İğrenç ve karşı konulmaz erkeklik, aa tabancaymış! |
Gelgelelim,
Tarantino, yaftalanmış herhangi bir
etikete gocunacak bir yönetmen değil, tırnak göstermez, hatta eğlenir bile.
Daha senaryoyu yazarken sizin onu neyle suçlayacağınızı bilir sanki. Haylaz bir çocuk gibi büyüklerine
meydan okuyarak yazması bugüne dek hepimizi eğlendirmişti. Ama bu kez iyice
çirkinleşmiş. İğrenç Sekizli, şakanın dozunu fazla kaçırdığı için arkadaşları
tarafından azarlanan, ama yiğitliğe toz kondurmamak için pis pis kıkırdamaya
devam eden birinin eseri gibi. Tarantino’nun sekizinci filmi hakikaten iğrenç. Hateful Eighth. Tam da olması gereken
şey belki. Bir westernden çok korku filmi. Çünkü baştan sona erkekliği kaybetme
korkusunu dışavuran imgelerle dolu. “Hah,” der miydi Tarantino bunu duysa. “Filmde
kendi korkularını görmüş bana yaftalıyor.” Seve seve bu tuzağa düşebilirim.
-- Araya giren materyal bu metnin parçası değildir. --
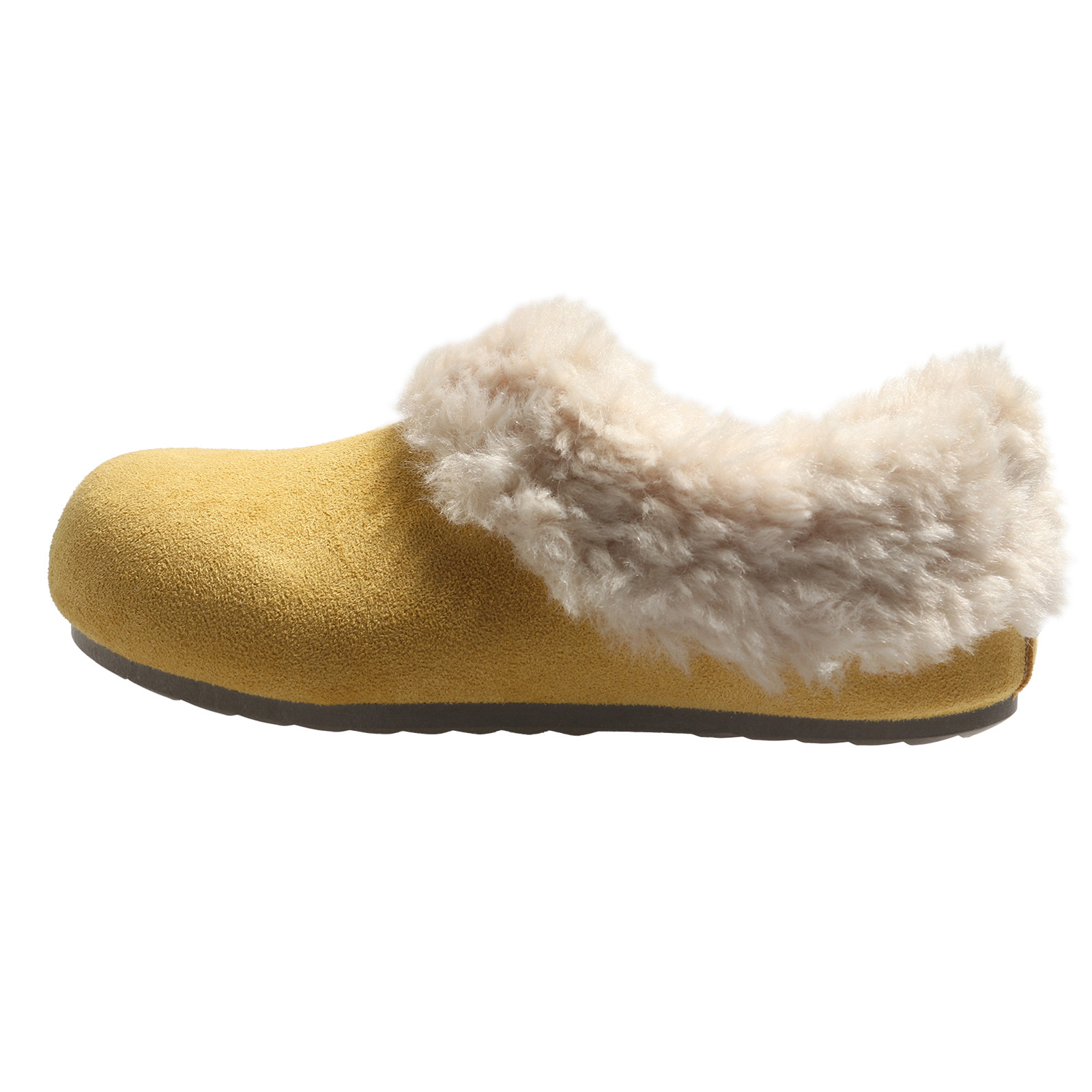 方鱼鹿 加绒保暖懒人毛毛鞋女款2025冬季一脚蹬鞋全包勃肯鞋棉鞋,淘宝优惠券,粉丝福利购,淘宝优惠卷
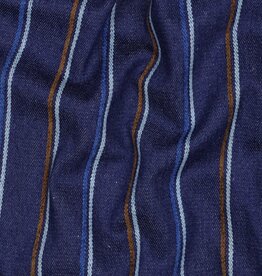 Jeans - Striped - Blue & Brown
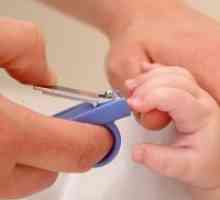 Cum să taie unghiile nou-născut?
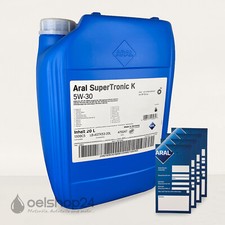 ARAL Super Tronic K SAE 5W-30 20 Liter Longlife 3 III VW 507.00 MB 229.51 229.52
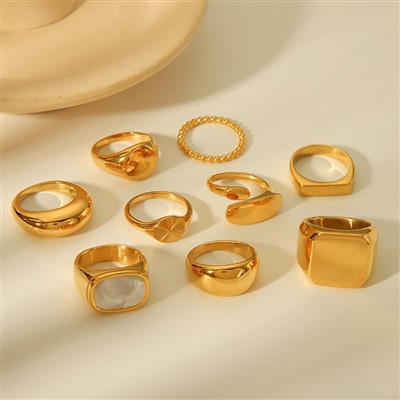 Zoo nkauj Stainless Hlau Rings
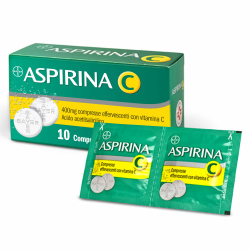 Aspirina C 10 Compresse Effervescenti 400 Mg + 240 Mg Con Vitamina C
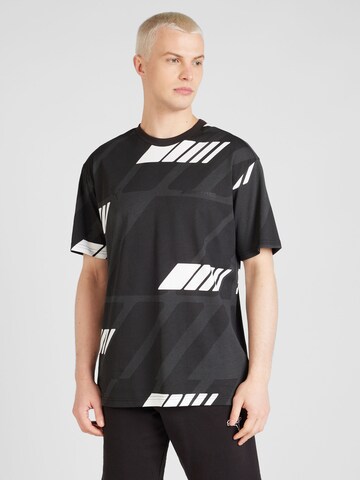 PUMA Shirt 'AMG Statement' in Zwart: voorkant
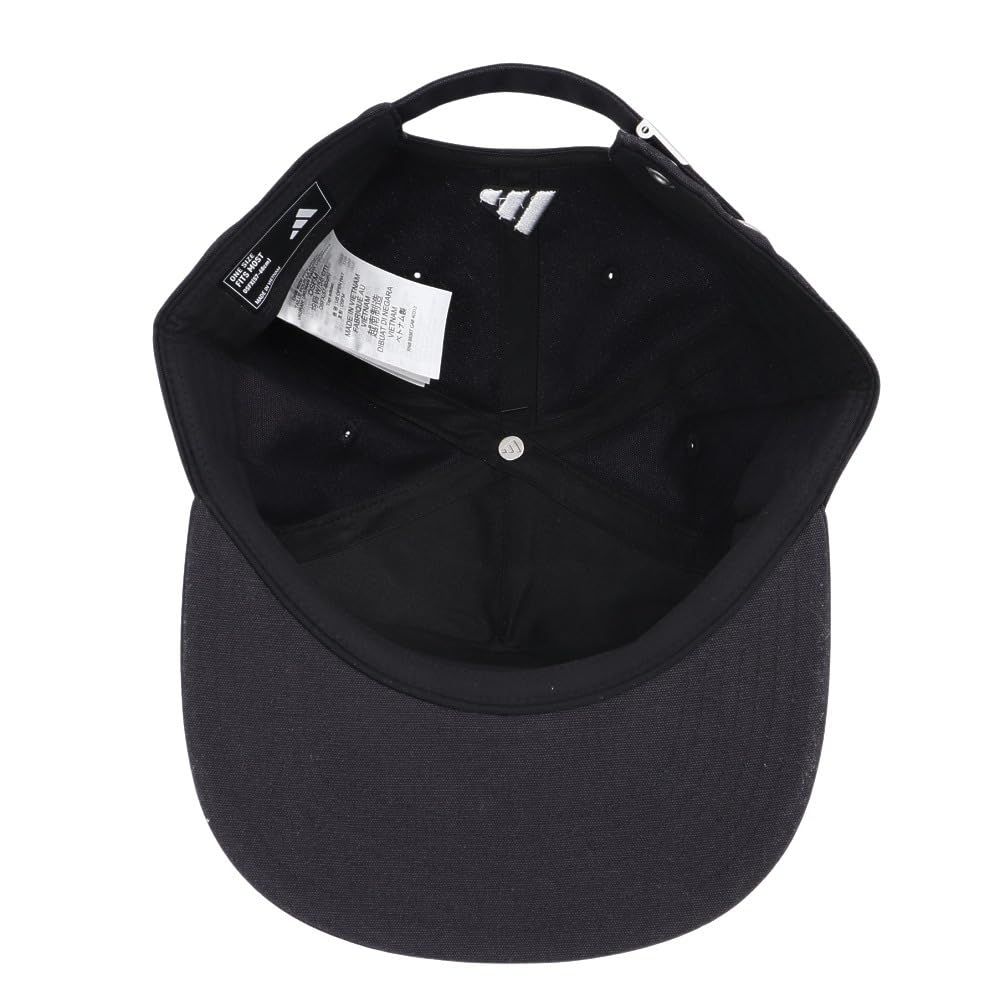 Adidas Golf Flat Bill Cotton Cooling Black Men's Cap,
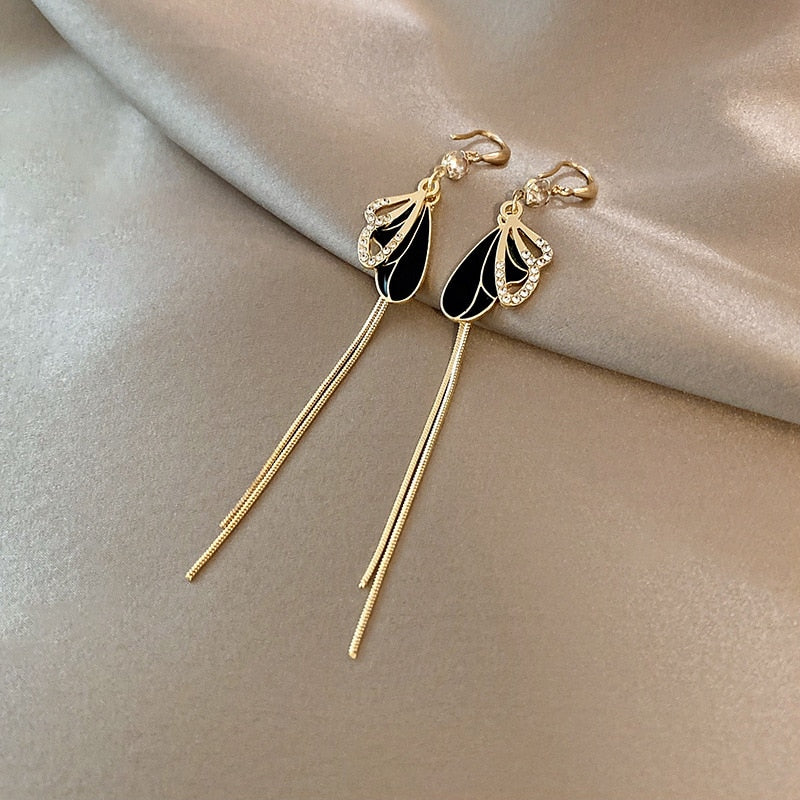 Crystal Butterfly Heart Star Dangle Earring
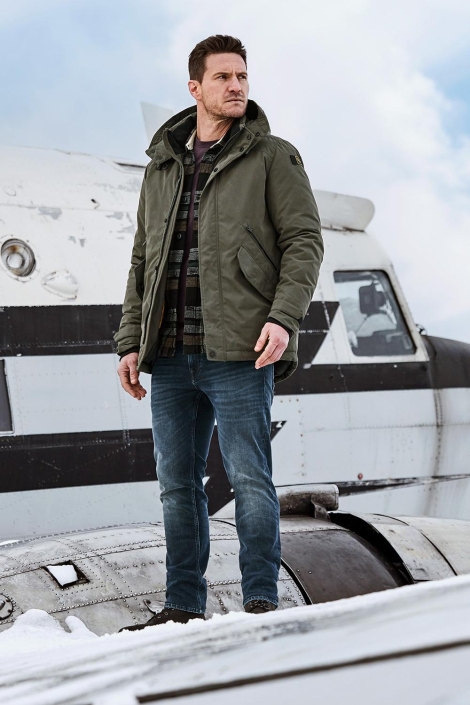 PME legend groene heren jas | Sfeerbeeld, In situatie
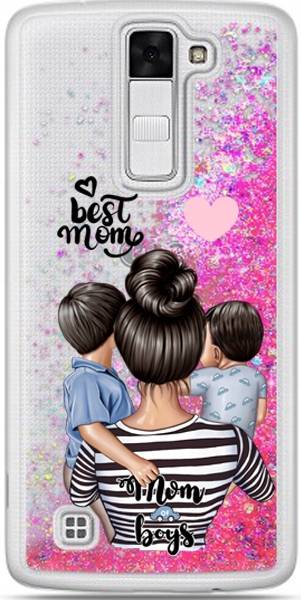 

Etui płynny brokat Mama Dzieci Syn do Lg K8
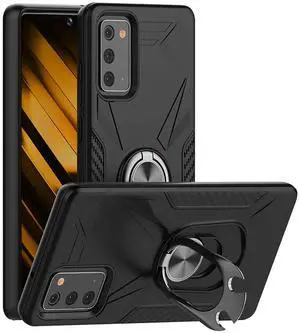 Phone Case with Ring Holder SAMSUNG GALAXY NOTE 20 In Black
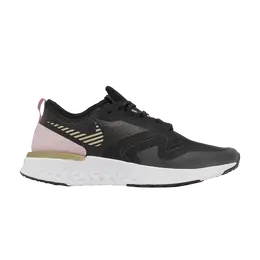 Кроссовки Nike Wmns Odyssey React 2 Shield 'Black Metallic Gold', черный cu3000 071 | black/metallic gold/white
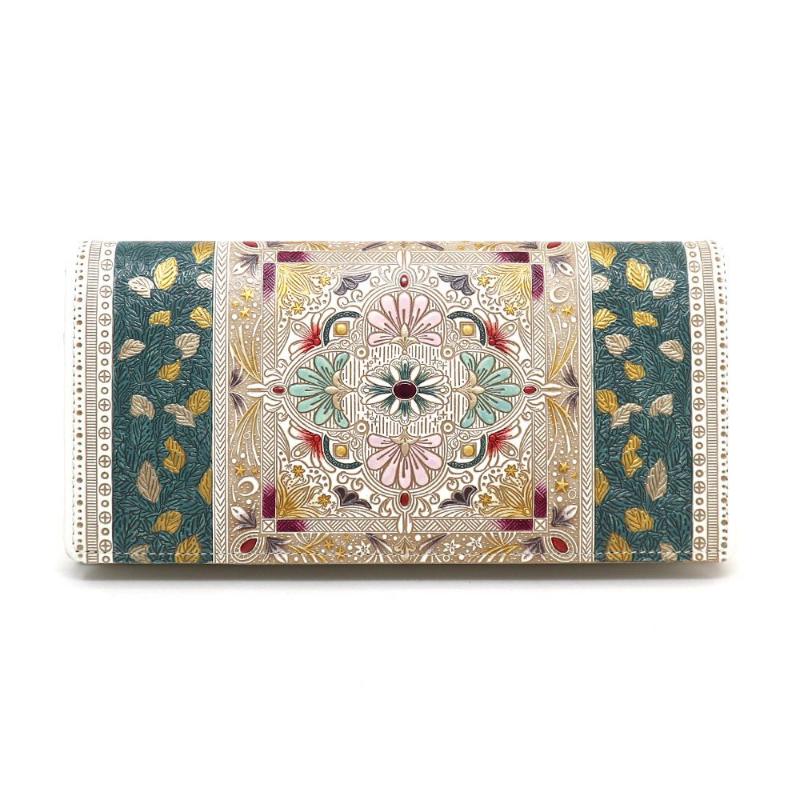 【文庫屋大関】束入れ 黄金のタピ【皮革工芸品】 財布 お札 お札入れ 長財布 カード 小銭 牛革 手作り 日本製 墨田区 東京都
Belki doğruluk payı da vardır.
Filmin
ilk sahnelerinden birinde üst üste yığılmış cesetler var. Yan yana
dizilmemişler nedense. Rastgele de yığılmamışlar. Odun istifi gibi. Bedensel
korkunun en ezeli tasvirlerinden biri bu. Öldükten sonra bedeniniz üzerinde
hiçbir kontrolünüzün kalmadığını cinsel göndermeleriyle birlikte anımsatan, en
klasik korku imgelerinden biri. Sonradan Warren’in (Jackson) kösnül
intikam yöntemlerini de öğrendiğimizde taşlar yerine oturuyor. Warren avladığı
adamların cesetlerini sırf onları aşağılamak için bile öyle üst üste dizmiş
olabilir.
Warren
iç savaştan sonra siyahları avlamaya devam eden oğul Smithers’dan intikam
alırken de onu çırılçıplak soyup dondurucu soğukta gezdiriyor (ölümden bir
önceki aşamada Smithers’ın bedenindeki kontrolü elinden alıyor) sonra da koca
aletini emdiriyor. Tarantino evreninde asıl işkence soğukta çıplak gezdirilmek
değil, bir erkeğin başka bir erkeğe oral seks yapması olsa gerek ki baba
Smithers (Dern) gerçekliği şüpheli hikayenin bu kısmında diğer kısmına kıyasla
daha fazla dehşete kapılıp battaniyesini burnuna kadar çekiyor. Daha fazla
anlatma! Tarantino’nun etme bulma dünyasına göre, Warren bir erkeğin ağzına
verdiği için hadım edilmeyi çoktan hak etti. Hatta böyle bir şeyi akıl ettiği
için bile hadım sayılır. Cezasını bulacak!
Biz
kısa bir süreliğine General Smithers’a dönelim. Smithers film boyunca
koltuğundan kalkmayan bir ihtiyar. Andropozlu (Tarantino tabiriyle
erkeklik süresi dolmuş) her ihtiyar gibi huysuz. Etkisiz, iktidarsız, edilgen.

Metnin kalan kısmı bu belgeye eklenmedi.